Ainda que o governo federal tenha assegurado a emissão zero de CO2 até 2050, isso parece distante da realidade. Unterstell cita a aprovação da Medida Provisória (MP) de privatização da Eletrobrás como ação do governo contrária à política de transição de zero carbono. “Essa medida força quem for capitalizar a empresa a contratar energia suja, ou seja. gás e carvão. É absolutamente pernicioso esse tipo de incentivo que será dado, porque vai nos deixar décadas no modelo de contratação de energia de altas emissões”, disse a especialista.
Embora não haja otimismo por parte de especialistas para que o país atinja a meta agora, tanto Marina Silva quanto Unterstell dizem que é possível cumprir a promessa — se e somente se o país começar a adotar imediatamente políticas que de fato beneficiem o meio ambiente.

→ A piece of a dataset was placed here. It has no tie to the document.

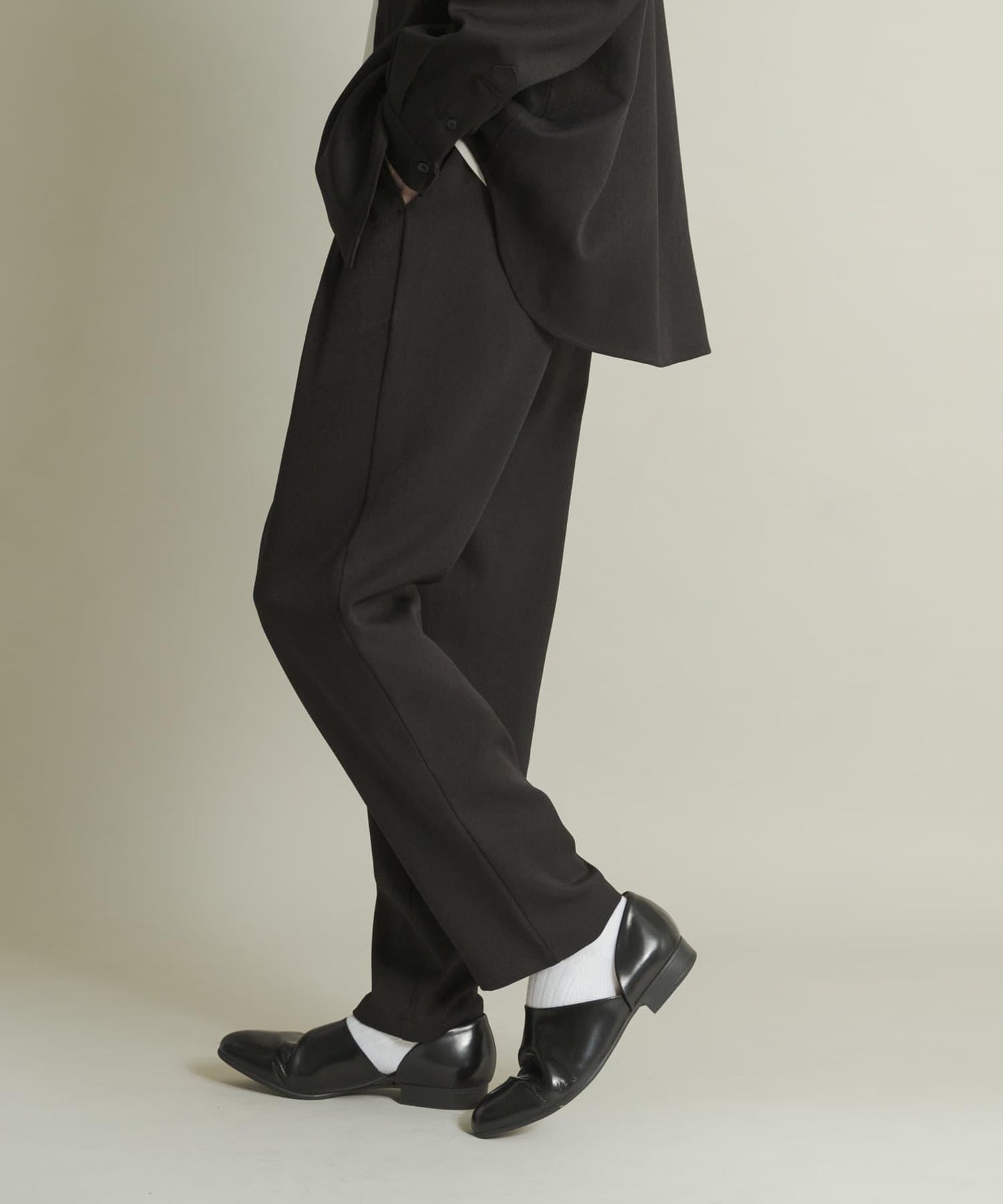 羊毛感雙褶錐形褲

O desmatamento e as queimadas estão, em grande parte, associados às ações ilegais pautadas por interesses econômicos. A facilidade atual em extrair madeira, segundo Marina, “não tem nenhum benefício econômico para o país”. Ela pontua que “muitos desses contraventores usam mão-de-obra em situação análoga à escravidão, não pagam impostos, fazem um rastro de destruição, se apropriam privadamente dos benefícios econômicos e democratizam os prejuízos ambientais e sociais daquilo fazem. Os mais prejudicados têm sido os povos indígenas”.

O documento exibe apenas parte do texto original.